UNIVERSITY PARK, Pa. -- After a season of gaudy blowouts and weekly overkill, the other shoe dropped for Penn State yesterday.
An offense that averaged 48 points a game in 1994 was fortunate to get half that against unranked Texas Tech, but the fourth-ranked Nittany Lions made it stand up for a 24-23 victory in their season opener.
In the process, 96,034 Beaver Stadium patrons were reminded just how good last year's unbeaten Penn State team was.
"We lost some great players, but this team is not looking back," said split end Bobby Engram. "We're not going to hit home runs and make great plays every time. But we'll put points on the board."
Ki-Jana Carter, Kerry Collins and Kyle Brady -- focal points of last year's offensive juggernaut -- are in the NFL now. Yesterday, the Lions won not so much with offense as with defense, not so much with heroes as with survivors.
The list of survivors included place-kicker Brett Conway, quarterback Wally Richardson and Engram. Conway atoned for two missed field-goal attempts to kick a game-winning 39-yarder with four seconds left -- something he never had to attempt a year ago.

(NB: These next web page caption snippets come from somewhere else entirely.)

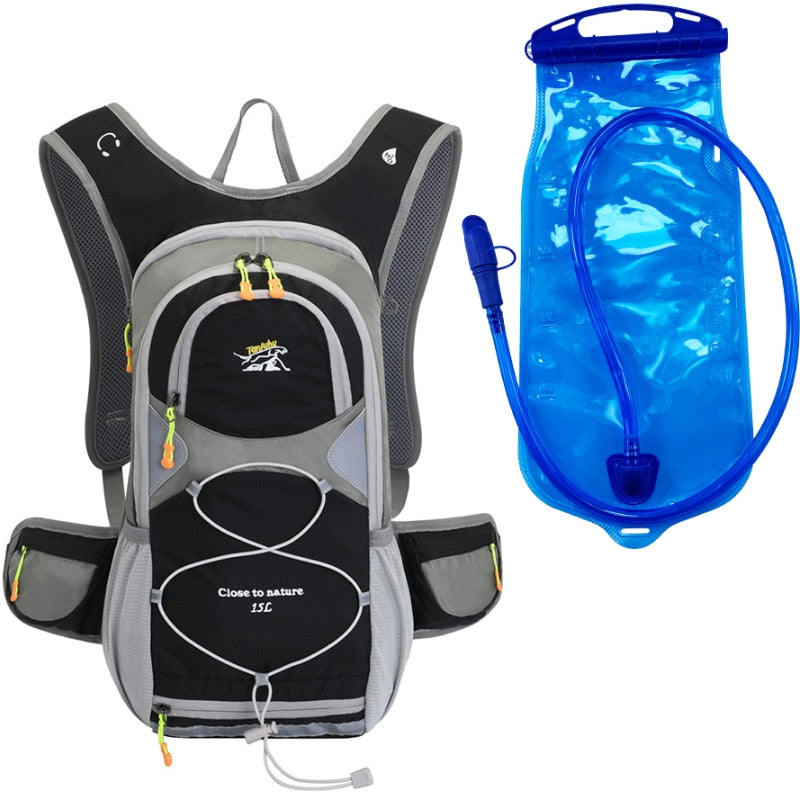 15L Deportes al aire libre Ciclismo Camping Mochila Senderismo Correr Bicicleta Equitación Hidratación Bolsa de agua Paquete Vejiga Mochila con casco Net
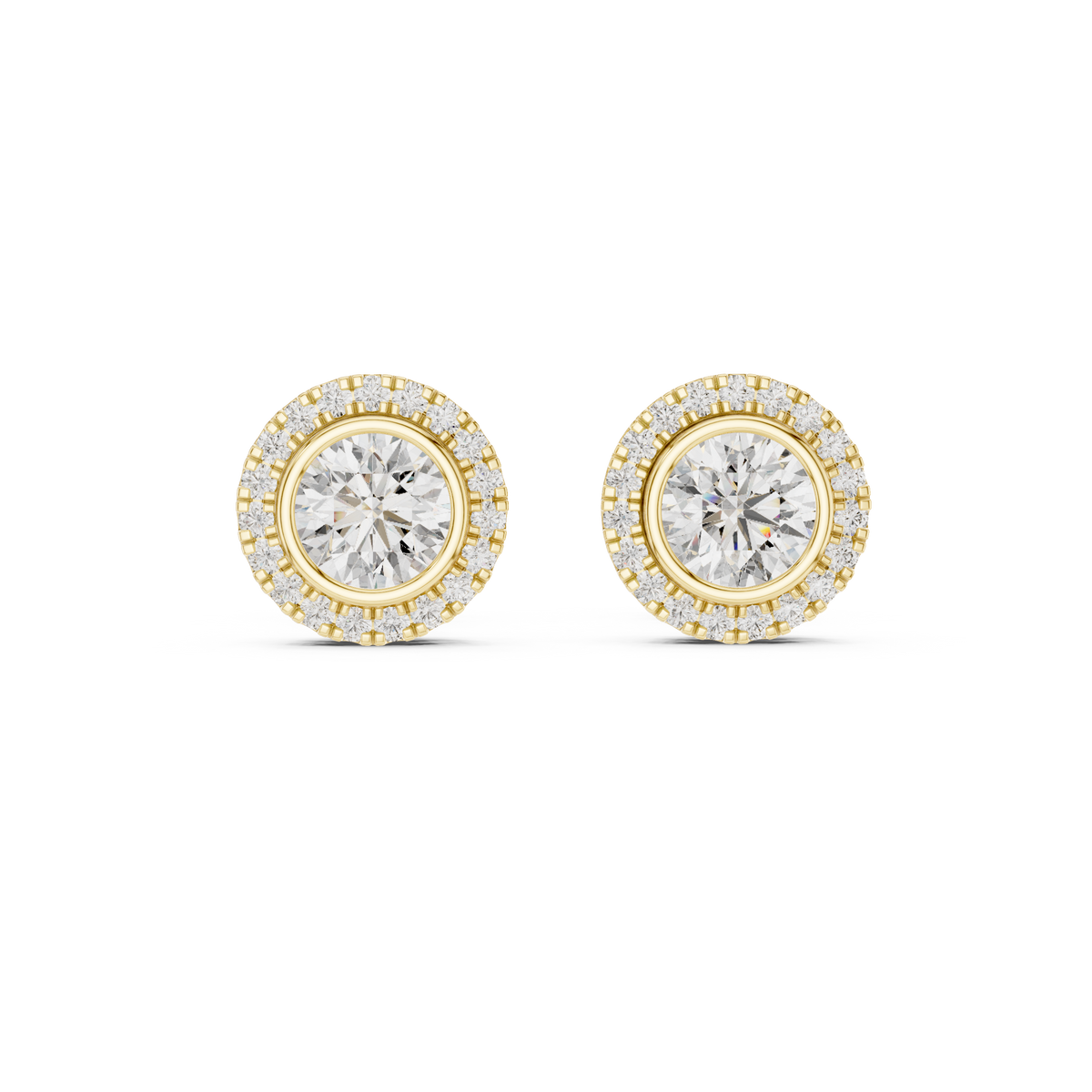 0.50 Ct Round Bezel Halo Solitaire Lab Grown Diamond Earring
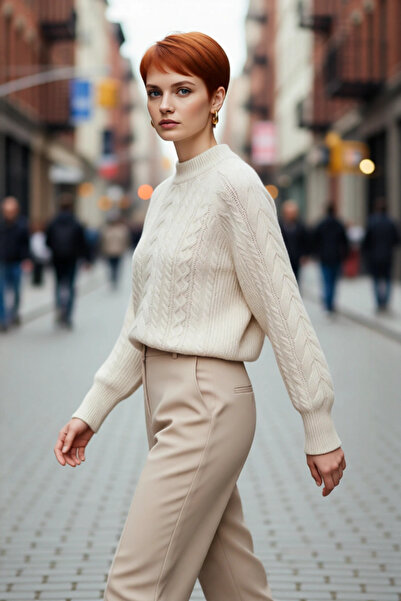 PayBuy Tricotaj pentru femei, cu model de împletitură a părului, cu guler rid...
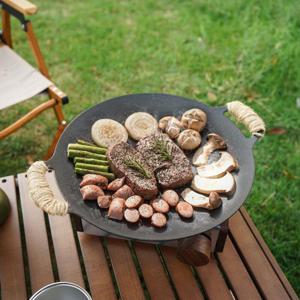 [해외] 캠핑 바비큐 그릴팬 삼겹살 BBQ 무쇠팬 30cm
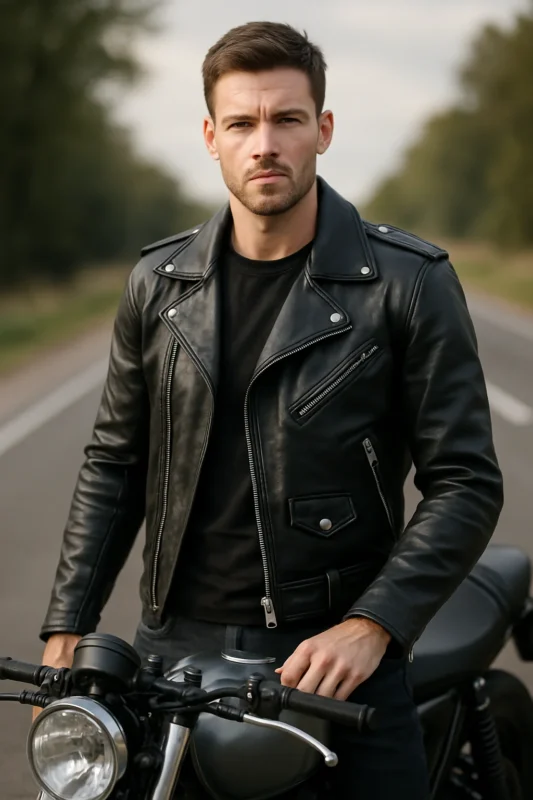 Classic leather motorbike jacket used by a commuter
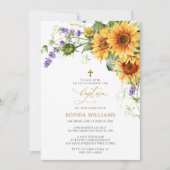 Tournesols Rustiques & Lavander Baptême Invitation (Devant)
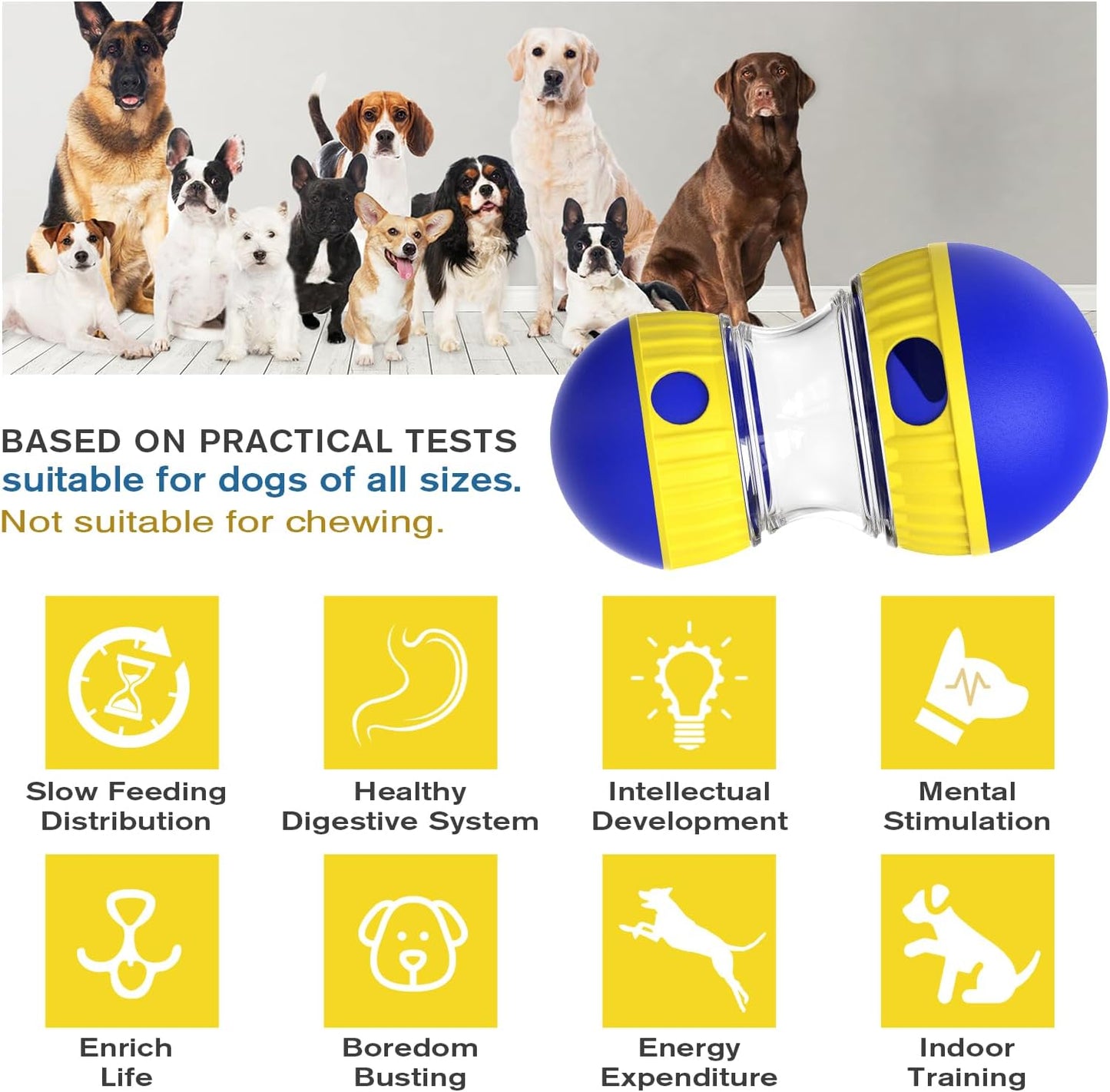 Dog Treat Dispensing Puzzle Toy Adjustable Food Dispenser Slow Feeder Puppy Enrichment Training Rolling Ball Pet Interactive Chase Toys for Small Medium Large Dogs to Keep Them Busy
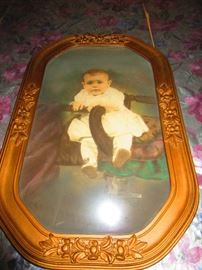 Antique hand-colored portrait of a child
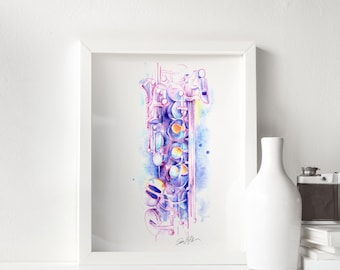 Straight Soprano Saxophone | Watercolor Art by Jamie Hansen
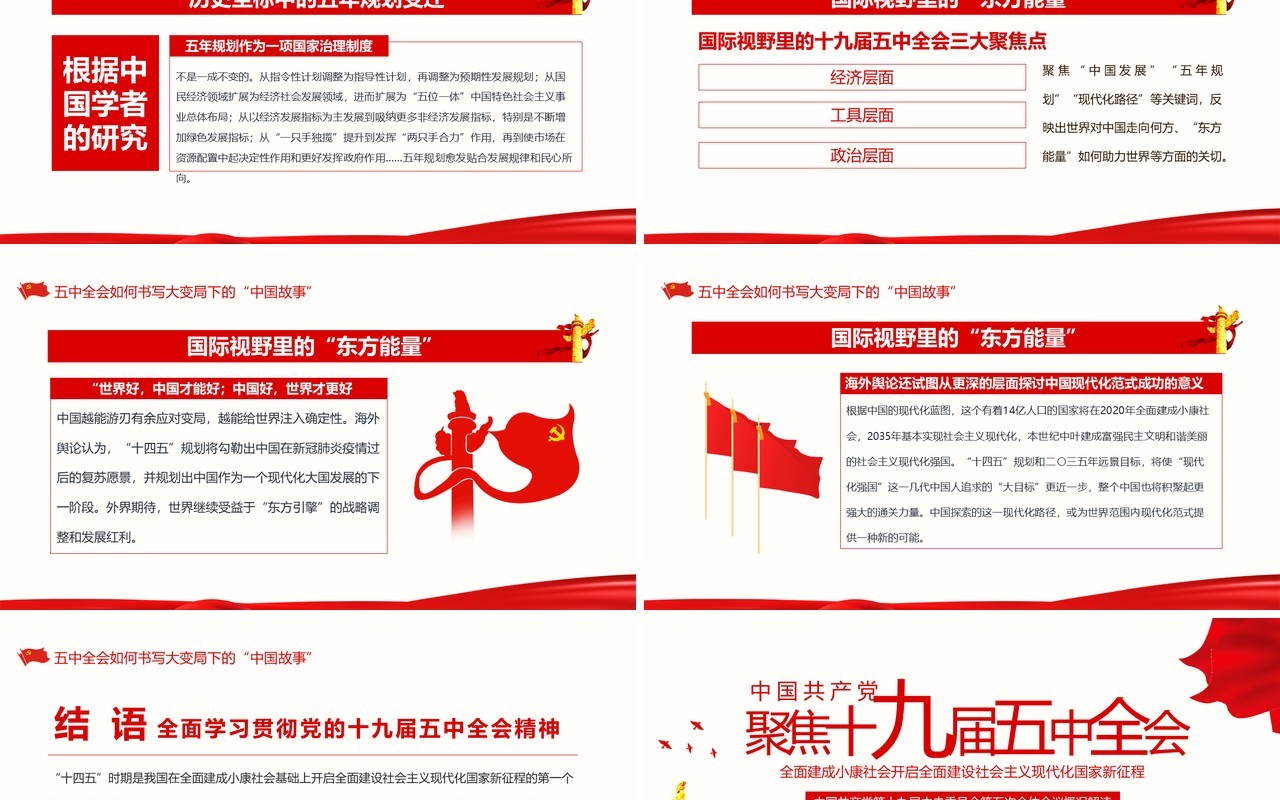 聚焦十九届五中全会中国共产党中央委员会第五次全体会议概况解读党政党建PPT模板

Richardson, making his second career start and first since replacing Collins, operated a scattershot passing game, but had enough nerve to direct the game-winning, 58-yard scoring drive.
And Engram handed Texas Tech two touchdowns in the first half with fumbled punts, only to come back in the second half for seven catches worth 106 yards. He moved past receivers coach Kenny Jackson to become Penn State's career leader in receiving yards with 2,048.
"If you can't rebound from making mistakes, you're no good to the team," Engram said.
Penn State had plenty of practice bouncing back in this game. A year ago, the Lions lost four fumbles all season. Against Texas Tech, they lost three in the first half, including one on an ill-conceived reverse from their own goal line. The Red Raiders cashed in immediately when tailback Mike Archie lost the ball and linebacker Shawn Banks fell on it in the end zone.
A year ago, Penn State's first-unit offensive line allowed three sacks all season. In one afternoon against Tech's swarming, blitzing defense, Penn State gave up three.
"Everybody expects everything to be -- BOOM -- crisp all the time," said Richardson, who completed 18 of 31 passes for 195 yards. "It takes a little time for us to get back in the swing of things."
Everybody except for Penn State coach Joe Paterno, that is.
"I've been concerned about our offense, concerned about our precision," Paterno said after Penn State stretched its winning streak to 18 games, longest in Division I-A. "We may have had to play some kids too long, and I think we got tired."
The Lions had a modest 132 net rushing yards (Archie led with 76) and 327 total yards, but held a whopping 15-minute advantage in time of possession.
Their comeback began with a gift. One play after rush end Terry Killens recovered a Bryon Hanspard fumble at the Tech 3, Jon Witman ran through a gaping hole on the right side to cut the deficit to 20-14.
Richardson went to Engram three times in the air and once on a run to put Penn State ahead 21-20. It was Engram's spectacular 21-yard catch along the sideline -- getting one foot down before going out of bounds -- that set up a 3-yard touchdown pass to tight end Keith Olsommer.
The Raiders got a clutch 42-yard field goal from Tony Rogers -- Jaret Greaser earlier had missed an extra point that ultimately proved decisive -- to take a 23-21 lead with 6:39 left.
Then Richardson took the Lions down field in a 14-play drive to set up Conway with time running out.
"I said earlier in the summer, every kicker wants the opportunity to have that kick," Conway said. "I think I was wrong. I'm not sure I want to do that again. My heart can't take it."
Conway, who missed from 49 and 37 yards, hooked his 39-yarder just inside the right upright. Four seconds from a major upset, the Raiders questioned the call.
"I asked the ref and he ignored me," Banks said. "I thought it was outside. It definitely wasn't inside."
Tech quarterback Zebbie Lethridge, who threw two touchdown passes, had a difficult time accepting the outcome.
"I'm really disappointed," he said. "I didn't look at them as the No. 4 team in the country. They're just another team. They've got the name and tradition. That's the difference."